Proposal: new caching backend for nginx

Maxim Dounin mdounin at
Wed Jan 23 18:19:49 UTC 2013


On Wed, Jan 23, 2013 at 07:27:42PM +0200, Aliaksandr Valialkin wrote:

> On Wed, Jan 23, 2013 at 5:47 AM, Maxim Dounin <mdounin at> wrote:
> > I don't think that it will fit as a cache store for nginx.  In
> > particular, with quick look through sources I don't see any
> > interface to store data with size not known in advance, which
> > happens often in HTTP world.
> Yes, ybc doesn't allow storing data with size not known in advance due to
> performance and architectural reasons. There are several workarounds for
> this problem:
> - objects with unknown sizes may be streamed into a temporary location
> before storing them into ybc.

This will effectively double work needed to store response, and 
writing to cache is already one of major performance bottlenecks 
on many setups.

> - objects with unknown sizes may be cached in ybc using fixed-sized chunks,
> except for the last chunk, which may have smaller size. Here is a

Thus effectively reinventing what is known as blocks in the 
filsystem world, doing all the maintanance work by hand.

Actually, this is the basic problem with phk@'s aproach (with all 
respect to phk@): reinventing the filesystem.

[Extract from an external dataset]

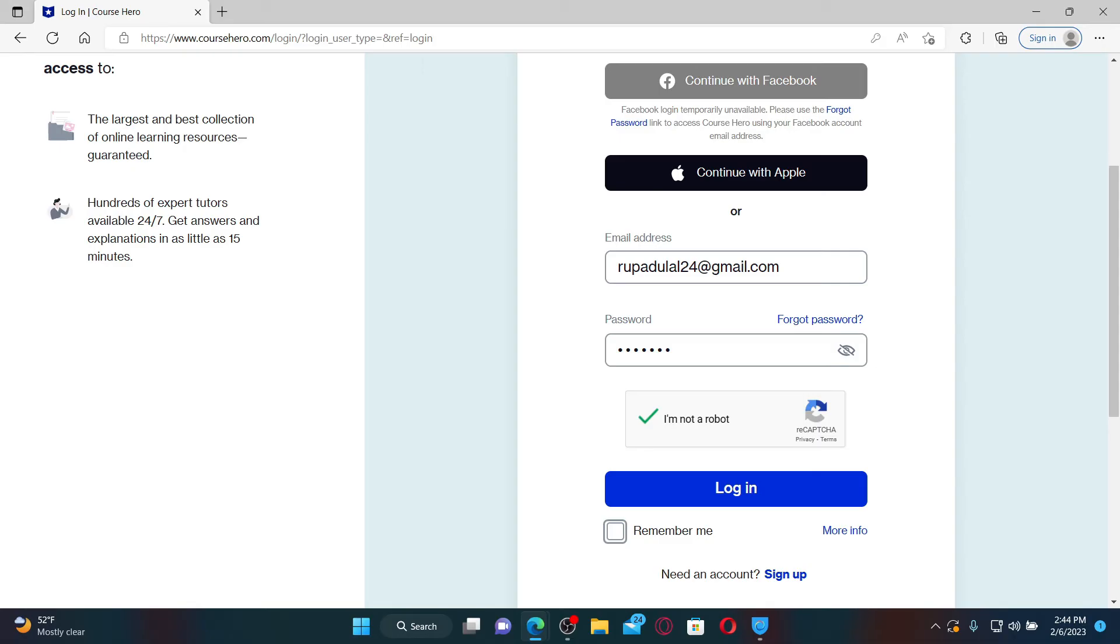After filling in your email and password, click the login button and you'll be able to log into your Course Hero account. Course Hero is a digital learning platform which offers study resources including practice problems and study guides to students.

> > Additionally, it looks like it
> > doesn't provide async disk IO support.
> >
> Ybc works with memory mapped files. It doesn't use disk I/O directly. Disk
> I/O may be triggered if the given memory page is missing in RAM. It's
> possible to determine whether the given virtual memory location is cached
> in RAM or not - OSes provide special syscalls designed for this case - for
> example, mincore(2) in linux. But I think it's better relying on caching
> mechanisms provided by OS for memory mapped files than using such syscalls
> directly. Ybc may block nginx worker when reading swapped out memory pages,
> but this should be rare event if frequently accessed cached objects fit RAM.

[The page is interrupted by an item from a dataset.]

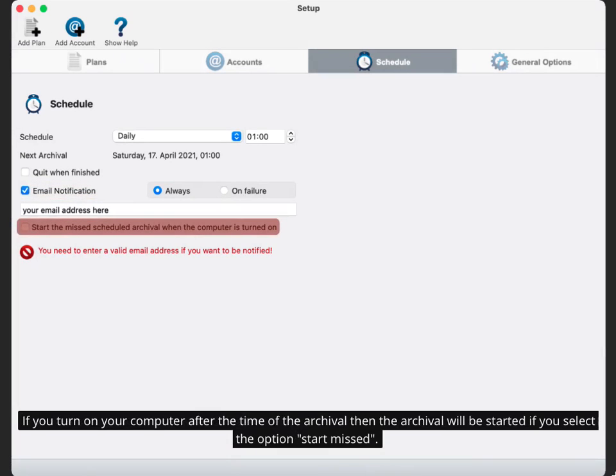If you turn on your computer after the time of the archival, then the archival will be started if you select the option 'Start Missed'.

The key words are "if ... cached objects fit RAM".

But bad things happen if they aren't, and that's why support for 
AIO was introduced in nginx 0.8.11 several years ago.  
Surprisingly enough, it just works for cache without any special 
code - because it's just files.

(Well, not exactly, there is special code to handle async reading 
of a response header.  But it's rather addition to normal AIO 

And another major problem with mmap is that it doesn't tolerate IO 
errors, and if e.g. disk is unable to read a particular block - 
you'll end up with SIGBUS to the whole process leaving it no 
possibilities to recover instead of just an error returned for a 
single read() operation.  While this may be acceptable in many use 
cases, it is really bad for an event-based server with thousands 
of clients served within a single process.

> Also as I understood from the , nginx
> currently may block on disk I/O too:
> > One major problem that the developers of nginx will be solving in
> upcoming versions is
> > how to avoid most of the blocking on disk I/O. At the moment, if there's
> not enough
> > storage performance to serve disk operations generated by a particular
> worker, that
> > worker may still block on reading/writing from disk.

Yep, not all OSes have AIO support (and some, like Linux, 
require you to choose just one option, VM cache or AIO), and even on 
systems with good one (FreeBSD, notably) there are still 
operations like open() and stat(), which doesn't have async 
counterparts at all, but still may block.  That's why we are 
experimenting with various ways to make things better.  But it's 
all about improving async IO support, not about dropping it.